To design a rate limiter, we should look at who our clients are, what our clients' expectations are, and what level of service we can offer. Specifically, we should look at the number of callers, average and peak number of requests per client, average size of incoming requests, likelihood of surges in traffic, max latency our callers can tolerate, and the throughput and latency our system can achieve.

Only then can we start defining a rate limiting policy:

the number of requests and the unit of time,
the max size of the incoming requests,
which endpoints to rate limit,
how to respond when rate limiting,
how to react on rate limiter failure,
where to locate the rate limiter,
where to store rate-limiting state,
whether to limit per account or per IP or otherwise,
whether to also institute a global rate limit,
whether specific endpoints should be limited differently,
whether groups of clients should be limited differently,
whether to limit strictly or allow bursts of requests, and
which rate-limiting algorithm to use.

Let's unpack some of these aspects.

How do we respond when rate-limiting a request?

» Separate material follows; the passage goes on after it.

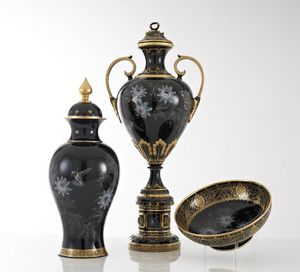 CHAMBERLAIN & CO -  - Covered Vase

The most common response is to block the excess request by returning the HTTP status code 429 (Too Many Requests) or 503 (Service Unavailable), with headers indicating the rate limit and when to retry. We may also shadowban any identified abusers. Since an abuser who knows they have been rate-limited might try to circumvent the limit, we can choose to accept their excess request, return them the HTTP status code 200 (OK), and simply not process it.

Or we may choose to throttle (i.e. degrade) the service instead. Think of a storage service that lowers the bandwidth of a download, or a video platform that reduces the quality of a stream, or a financial API that introduces a delay in its responses. We may also choose to shape (i.e. deprioritize) the response. For instance, we could process requests from paying customers first, and queue up other requests for processing only after all priority customers have been served.

Rate limiter

Where do we locate the rate limiter?

We can place the rate limiter at the edge of our system, at the entry point to our system, or inside our system, depending on the requirements.

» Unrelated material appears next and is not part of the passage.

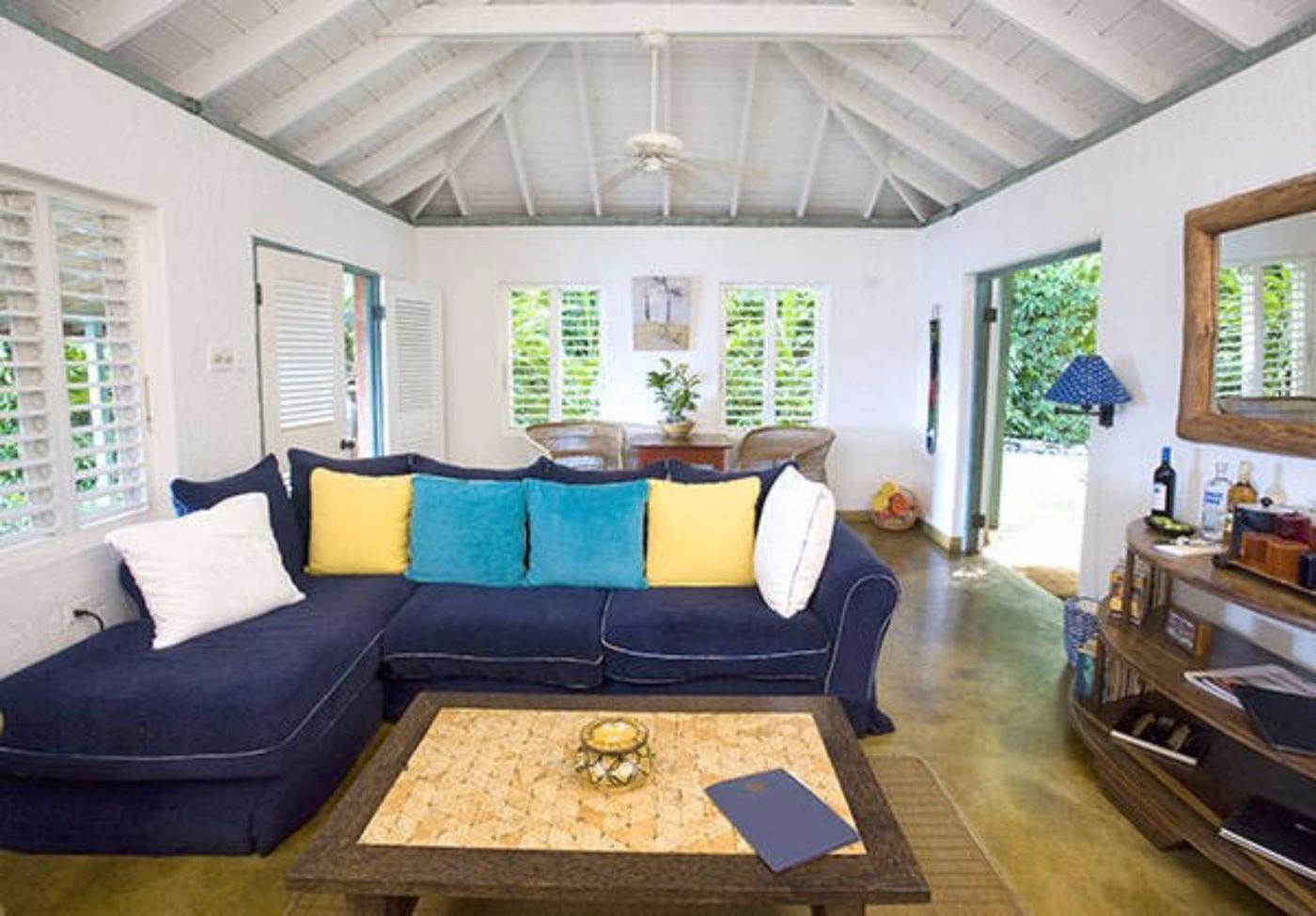 GoldenEye-Resort---Spa-Room-21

Content delivery network: A CDN is a geographically distributed network of proxy servers serving content to nearby clients. Some CDNs, like Cloudflare, may be configured to rate-limit requests.
Reverse proxy: A reverse proxy is a server that sits in front of our multiple servers and forwards client requests to them. Some reverse proxies like Nginx offer rate-limiting options.
API gateway: An API gateway is an entry point to multiple related APIs, often to handle common functionality like authentication, routing, allow-listing, service discovery, etc. Amazon API Gateway, among others, is able to host a rate limiter to control access to groups of endpoints.
Application: For a more fine-grained approach, we may also write our own rate limiter and place it in our application. For example, we can create middleware to limit requests to designated endpoints based on user-level properties, such as their subscription type.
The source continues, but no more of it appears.